- [Assignment]:
Even where a record seems odd, copy it exactly as it appears below.

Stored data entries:
+ + + +
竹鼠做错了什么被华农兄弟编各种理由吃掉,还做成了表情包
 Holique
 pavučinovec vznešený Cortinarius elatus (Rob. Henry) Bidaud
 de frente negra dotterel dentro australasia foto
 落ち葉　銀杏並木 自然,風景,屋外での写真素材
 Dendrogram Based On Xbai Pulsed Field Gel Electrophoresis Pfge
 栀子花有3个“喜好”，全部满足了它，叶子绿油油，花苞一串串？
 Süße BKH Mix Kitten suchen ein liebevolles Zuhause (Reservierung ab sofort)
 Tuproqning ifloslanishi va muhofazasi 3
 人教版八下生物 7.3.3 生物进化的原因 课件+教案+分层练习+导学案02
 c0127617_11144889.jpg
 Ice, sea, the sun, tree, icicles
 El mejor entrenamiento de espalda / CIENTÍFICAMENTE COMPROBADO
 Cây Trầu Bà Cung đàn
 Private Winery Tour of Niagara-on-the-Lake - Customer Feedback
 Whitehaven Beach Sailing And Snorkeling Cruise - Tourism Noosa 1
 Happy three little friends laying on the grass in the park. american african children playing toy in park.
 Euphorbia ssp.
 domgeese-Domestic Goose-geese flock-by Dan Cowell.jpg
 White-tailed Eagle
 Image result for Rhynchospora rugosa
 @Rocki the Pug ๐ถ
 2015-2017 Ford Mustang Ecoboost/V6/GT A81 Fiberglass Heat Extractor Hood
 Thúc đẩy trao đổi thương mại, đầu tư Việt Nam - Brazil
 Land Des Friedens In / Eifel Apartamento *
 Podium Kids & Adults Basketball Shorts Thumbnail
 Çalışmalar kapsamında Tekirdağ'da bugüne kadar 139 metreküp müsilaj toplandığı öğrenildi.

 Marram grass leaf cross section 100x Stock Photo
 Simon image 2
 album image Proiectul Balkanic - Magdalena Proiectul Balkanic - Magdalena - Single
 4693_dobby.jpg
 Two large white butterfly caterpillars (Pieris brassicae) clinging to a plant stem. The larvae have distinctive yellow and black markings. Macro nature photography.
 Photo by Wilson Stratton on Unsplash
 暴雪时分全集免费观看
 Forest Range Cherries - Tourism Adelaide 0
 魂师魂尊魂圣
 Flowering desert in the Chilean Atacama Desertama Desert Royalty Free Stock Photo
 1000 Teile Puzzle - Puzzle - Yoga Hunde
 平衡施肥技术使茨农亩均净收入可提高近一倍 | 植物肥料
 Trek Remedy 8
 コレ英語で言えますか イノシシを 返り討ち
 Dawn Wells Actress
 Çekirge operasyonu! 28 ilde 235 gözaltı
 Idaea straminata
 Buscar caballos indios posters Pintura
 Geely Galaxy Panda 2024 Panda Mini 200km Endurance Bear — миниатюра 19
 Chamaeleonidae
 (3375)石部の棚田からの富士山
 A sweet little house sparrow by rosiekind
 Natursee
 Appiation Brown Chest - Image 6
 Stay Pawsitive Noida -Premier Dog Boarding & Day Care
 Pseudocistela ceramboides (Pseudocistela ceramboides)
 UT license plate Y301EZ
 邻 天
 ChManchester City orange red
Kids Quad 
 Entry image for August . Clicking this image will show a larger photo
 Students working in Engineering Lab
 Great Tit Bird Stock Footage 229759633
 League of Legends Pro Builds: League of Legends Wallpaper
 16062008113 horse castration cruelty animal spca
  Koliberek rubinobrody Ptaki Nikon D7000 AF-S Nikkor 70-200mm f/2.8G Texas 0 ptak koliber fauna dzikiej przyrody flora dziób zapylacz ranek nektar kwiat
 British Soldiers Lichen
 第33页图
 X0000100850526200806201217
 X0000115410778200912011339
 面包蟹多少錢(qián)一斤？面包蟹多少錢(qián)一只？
+ + + +
- [Written answer]:
竹鼠做错了什么被华农兄弟编各种理由吃掉,还做成了表情包
 Holique
 pavučinovec vznešený Cortinarius elatus (Rob. Henry) Bidaud
 de frente negra dotterel dentro australasia foto
 落ち葉　銀杏並木 自然,風景,屋外での写真素材
 Dendrogram Based On Xbai Pulsed Field Gel Electrophoresis Pfge
 栀子花有3个“喜好”，全部满足了它，叶子绿油油，花苞一串串？
 Süße BKH Mix Kitten suchen ein liebevolles Zuhause (Reservierung ab sofort)
 Tuproqning ifloslanishi va muhofazasi 3
 人教版八下生物 7.3.3 生物进化的原因 课件+教案+分层练习+导学案02
 c0127617_11144889.jpg
 Ice, sea, the sun, tree, icicles
 El mejor entrenamiento de espalda / CIENTÍFICAMENTE COMPROBADO
 Cây Trầu Bà Cung đàn
 Private Winery Tour of Niagara-on-the-Lake - Customer Feedback
 Whitehaven Beach Sailing And Snorkeling Cruise - Tourism Noosa 1
 Happy three little friends laying on the grass in the park. american african children playing toy in park.
 Euphorbia ssp.
 domgeese-Domestic Goose-geese flock-by Dan Cowell.jpg
 White-tailed Eagle
 Image result for Rhynchospora rugosa
 @Rocki the Pug ๐ถ
 2015-2017 Ford Mustang Ecoboost/V6/GT A81 Fiberglass Heat Extractor Hood
 Thúc đẩy trao đổi thương mại, đầu tư Việt Nam - Brazil
 Land Des Friedens In / Eifel Apartamento *
 Podium Kids & Adults Basketball Shorts Thumbnail
 Çalışmalar kapsamında Tekirdağ'da bugüne kadar 139 metreküp müsilaj toplandığı öğrenildi.

 Marram grass leaf cross section 100x Stock Photo
 Simon image 2
 album image Proiectul Balkanic - Magdalena Proiectul Balkanic - Magdalena - Single
 4693_dobby.jpg
 Two large white butterfly caterpillars (Pieris brassicae) clinging to a plant stem. The larvae have distinctive yellow and black markings. Macro nature photography.
 Photo by Wilson Stratton on Unsplash
 暴雪时分全集免费观看
 Forest Range Cherries - Tourism Adelaide 0
 魂师魂尊魂圣
 Flowering desert in the Chilean Atacama Desertama Desert Royalty Free Stock Photo
 1000 Teile Puzzle - Puzzle - Yoga Hunde
 平衡施肥技术使茨农亩均净收入可提高近一倍 | 植物肥料
 Trek Remedy 8
 コレ英語で言えますか イノシシを 返り討ち
 Dawn Wells Actress
 Çekirge operasyonu! 28 ilde 235 gözaltı
 Idaea straminata
 Buscar caballos indios posters Pintura
 Geely Galaxy Panda 2024 Panda Mini 200km Endurance Bear — миниатюра 19
 Chamaeleonidae
 (3375)石部の棚田からの富士山
 A sweet little house sparrow by rosiekind
 Natursee
 Appiation Brown Chest - Image 6
 Stay Pawsitive Noida -Premier Dog Boarding & Day Care
 Pseudocistela ceramboides (Pseudocistela ceramboides)
 UT license plate Y301EZ
 邻 天
 ChManchester City orange red
Kids Quad 
 Entry image for August . Clicking this image will show a larger photo
 Students working in Engineering Lab
 Great Tit Bird Stock Footage 229759633
 League of Legends Pro Builds: League of Legends Wallpaper
 16062008113 horse castration cruelty animal spca
  Koliberek rubinobrody Ptaki Nikon D7000 AF-S Nikkor 70-200mm f/2.8G Texas 0 ptak koliber fauna dzikiej przyrody flora dziób zapylacz ranek nektar kwiat
 British Soldiers Lichen
 第33页图
 X0000100850526200806201217
 X0000115410778200912011339
 面包蟹多少錢(qián)一斤？面包蟹多少錢(qián)一只？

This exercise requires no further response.